Ao todo, 19,3% da população destes locais diz usar o celular enquanto dirige. Entre aqueles de 25 a 34 anos, o percentual é ainda maior: 25%.
A pesquisa mostra ainda que pessoas de maior escolaridade -com 12 anos ou mais de estudo- são o grupo que mais assume esse risco, sendo 26,1% do total.
Entre as capitais, Belém tem o maior índice de motoristas que admitem usar o celular enquanto dirigem (24%), seguido de Rio Branco (23,8%) e Cuiabá (23,7%). Já aquelas com menor índice são Salvador (14,1%), Rio de Janeiro (17,1%) e São Paulo (17,2%).
Além do uso de celular, o estudo monitora ainda outros fatores de risco de acidentes de trânsito, problema que hoje representa a segunda mais importante causa de morte por fatores externos no país (ou seja, não ligados a doenças).
O excesso de velocidade é um deles. Ao todo, um em cada dez entrevistados, ou 11%, disse ter recebido multas de trânsito por esse motivo.
Um percentual que é maior entre homens do que entre mulheres (14% contra 7%) e, novamente, entre pessoas de 25 a 34 anos e de maior escolaridade (com cerca de 13% em ambos os casos).
Já entre as capitais, Brasília é aquela com maior índice de motoristas entrevistados que admitem cometer esse tipo de infração: 15,6%.
BEBER E DIRIGIR
Outro fator de risco de acidentes é o consumo de álcool antes de dirigir. Em 2018, 5,3% dos entrevistados informaram já terem conduzido veículos após consumo de bebidas alcoólicas.

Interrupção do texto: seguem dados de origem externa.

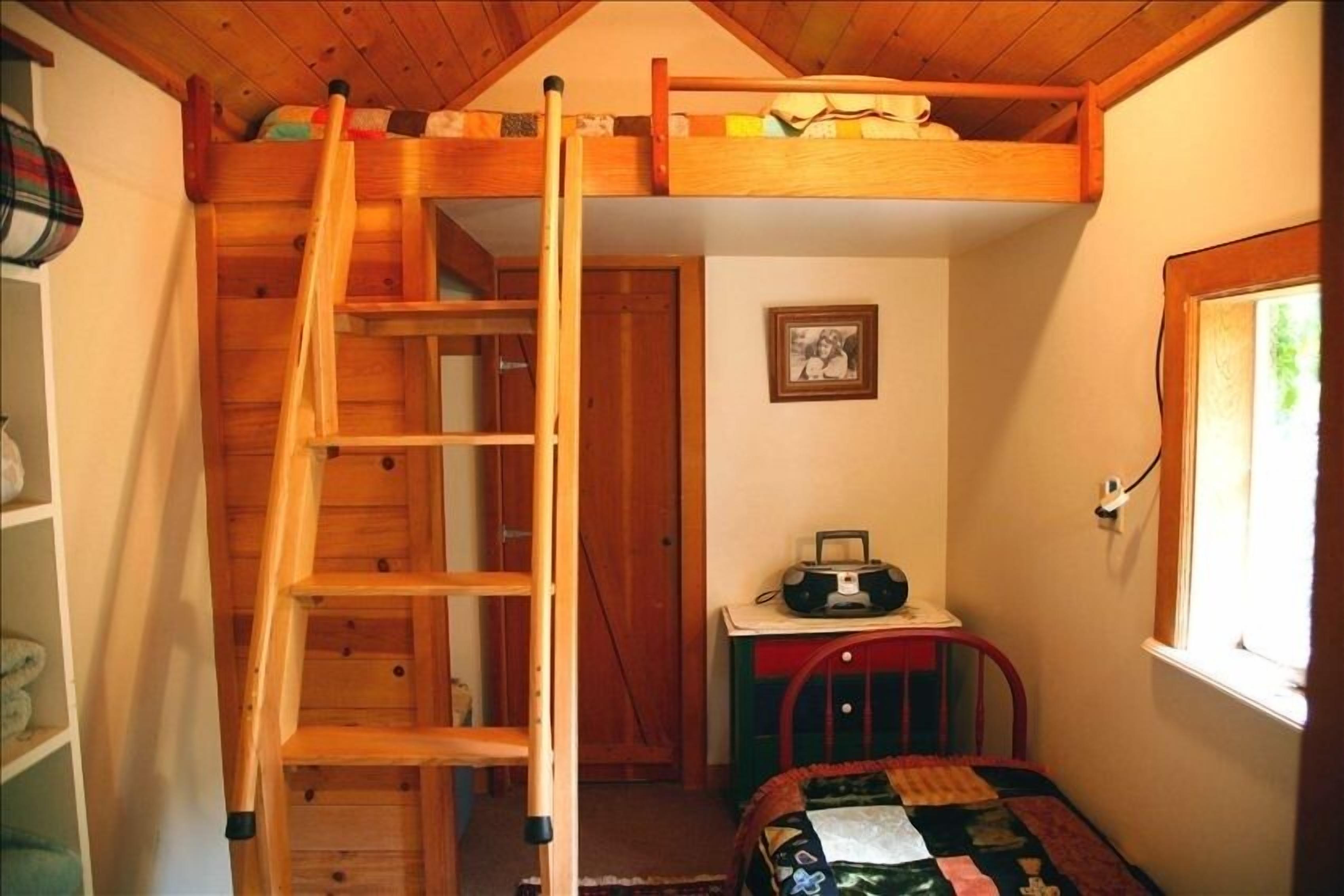 Unique Vintage 1880’S “Garden Cottage” in Mendocino Village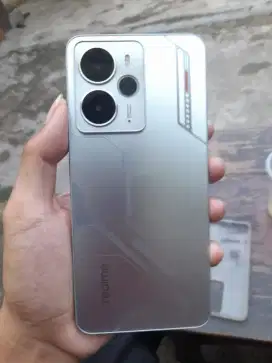 WTS Realme 14 5G baru 1 bulan pakai , mulus sangat LIKE NEW FULLSET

Mais uma vez, o percentual foi maior entre pessoas de maior escolaridade (8,6%) e na faixa etária de 25 a 34 anos (7,9%). Também chama a atenção a diferença entre os índices dos homens e das mulheres: entre eles, a proporção dos que admitem beber e dirigir foi de 9,3%; entre elas, foi de 2%.
Em 2017, 35 mil pessoas morreram por acidentes de trânsito e 166 mil foram internadas. Os gastos com internações ficaram em torno de R$ 229 milhões.